**** Supplied records

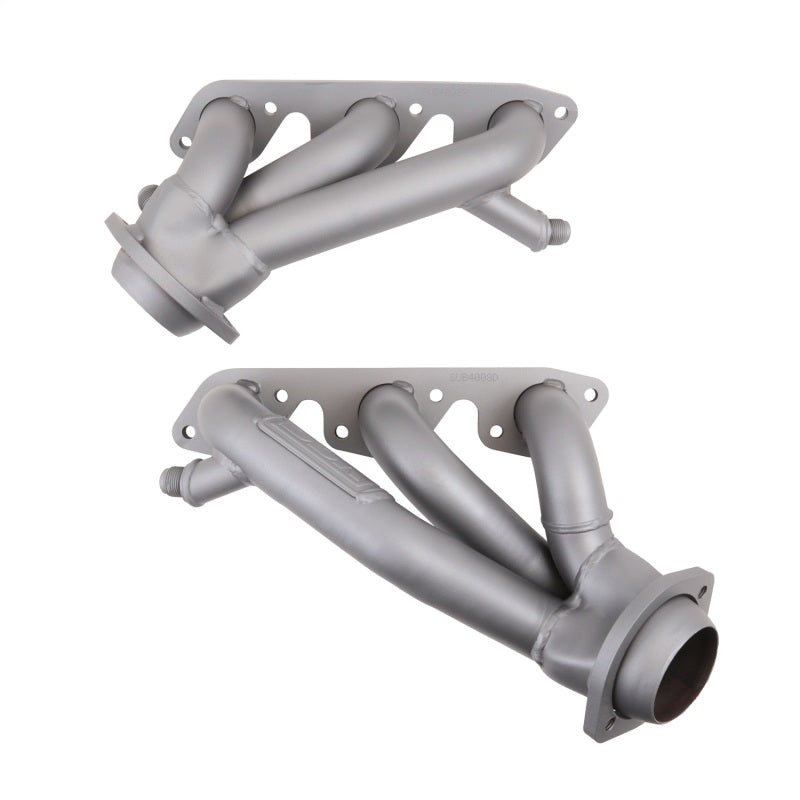 BBK 4008 99-04 Ford Mustang V6 Shorty Tuned Length Exhaust Headers - 1-5/8 Titanium Ceramic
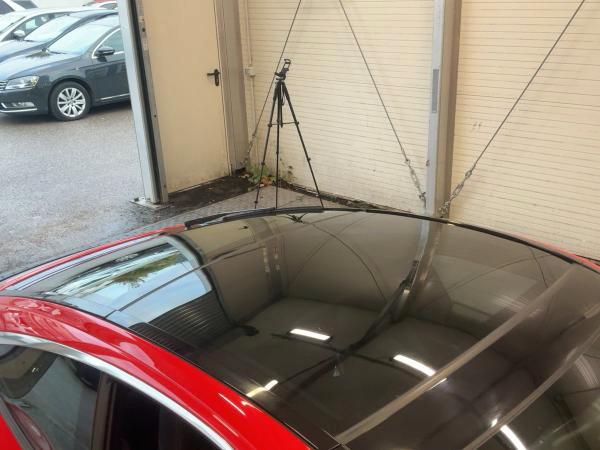 Porsche 911 Targa 3.8 4S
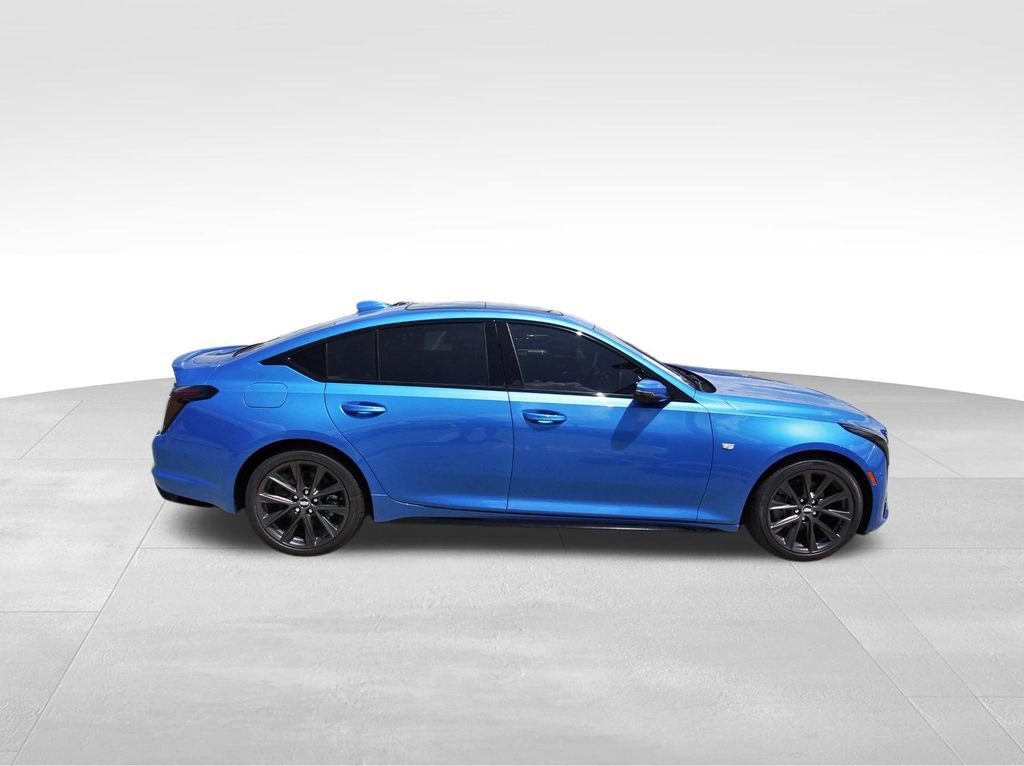 New 2026 Cadillac CT5 Sport RWD image 5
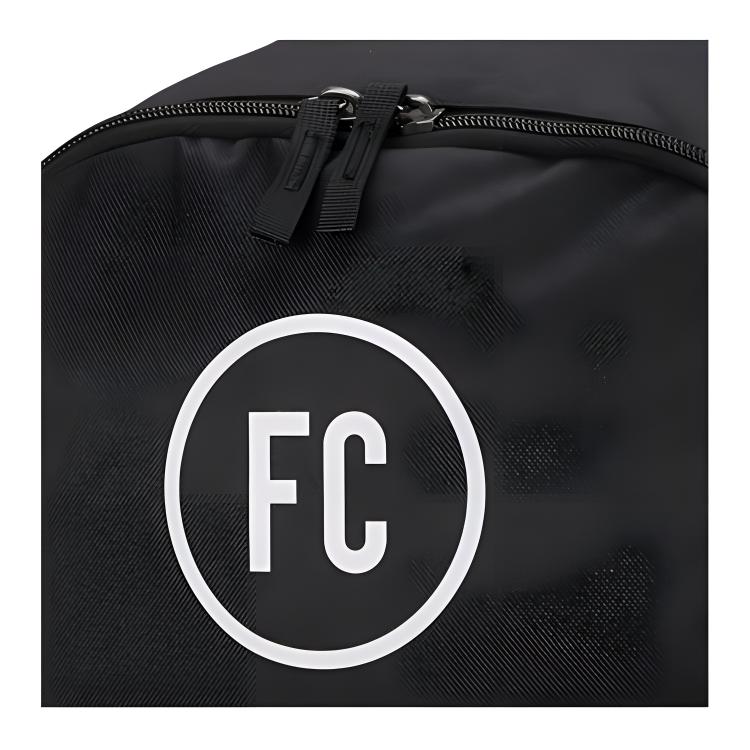 Рюкзак унисекс Nike BA6109-011 черно-серый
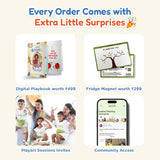 Dabble Playart Chunkies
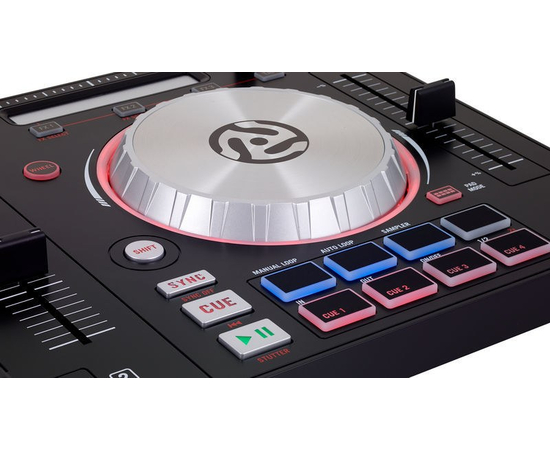 Двухканальный контроллер для DJ NUMARK MIXTRACKPRO3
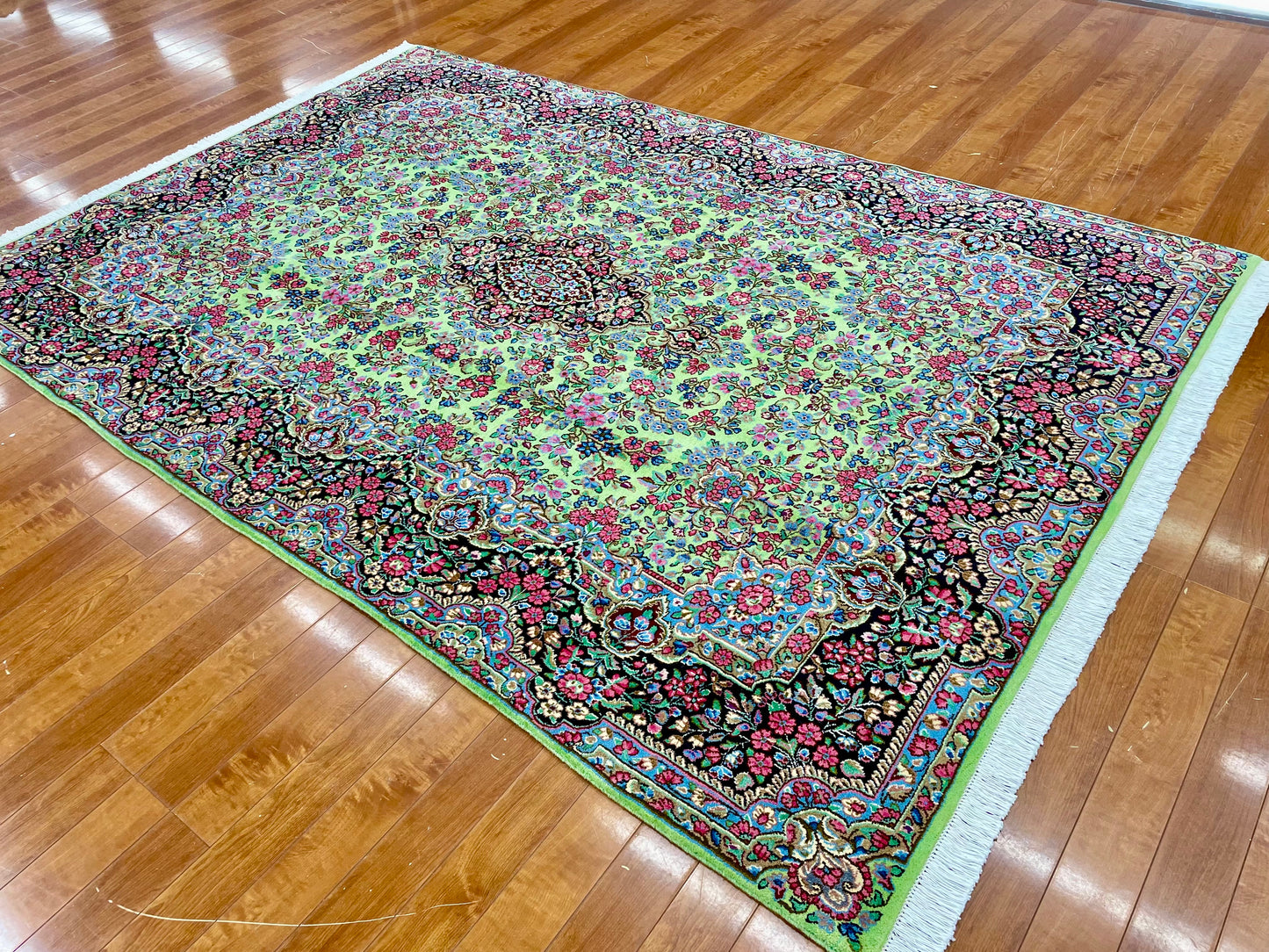 【オンライン限定】ケルマン 298cm x 200cm NT17177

********

Task to carry out:
An exact copy of the entries above is required, with the pictures left out.

Solved exercise:
 BBK 4008 99-04 Ford Mustang V6 Shorty Tuned Length Exhaust Headers - 1-5/8 Titanium Ceramic
 Porsche 911 Targa 3.8 4S
 New 2026 Cadillac CT5 Sport RWD image 5
 Рюкзак унисекс Nike BA6109-011 черно-серый
 Dabble Playart Chunkies
 Двухканальный контроллер для DJ NUMARK MIXTRACKPRO3
 【オンライン限定】ケルマン 298cm x 200cm NT17177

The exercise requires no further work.